[PATCH v1 0/3] Improve the acquisition of text parts.

Mon Mar 14 04:49:36 PDT 2016

David Edmondson <dme at dme.org> writes:

> On Sun, Mar 13 2016, Mark Walters wrote:
>> However, it would be sensible to get testing in a greater variety of
>> charsets/encodings
>
> Agreed. Does anyone have suggestions on how we might achieve this? A
> corpus of mail that we could use?

Maybe the notmuch performance corpus, particularly the lkml sample.

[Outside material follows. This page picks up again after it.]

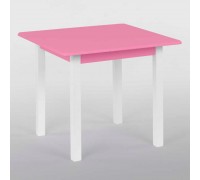 гр Столик 60*60 колір рожевий, квадратний (1) висота 52 см, вага 7 кг, "Ігруша"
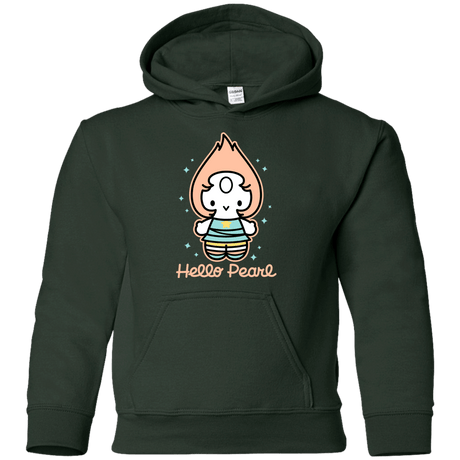 Sweatshirts Forest Green / YS Hello Pearl Youth Hoodie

grep -R charset= performance-test/corpus/mail/lkml | sed -e 's/^.*charset=//' -e 's/;.*//' -e 's/"//g' | tr '[A-Z]' '[a-z]' | sort -u

gives

euc-kr
gb2312
iso-2022-jp
iso-2022-jp-2
iso-8859-1
iso-8859-14
iso 8859-15
iso-8859-15
iso-8859-1
iso-8859-2
iso-8859-6
iso-8859-7
iso-8859-9
koi8-r
koi8-u
ks_c_5601-1987
shift_jis
unknown
unknown-8bit
us-ascii
utf8
utf-8
windows-1250
windows-1251
windows-1252
windows-1255

to unpack the corpus

cd performance-test
make download-corpus
./T00-new.sh --large

probably interrupt the test once notmuch-new starts running.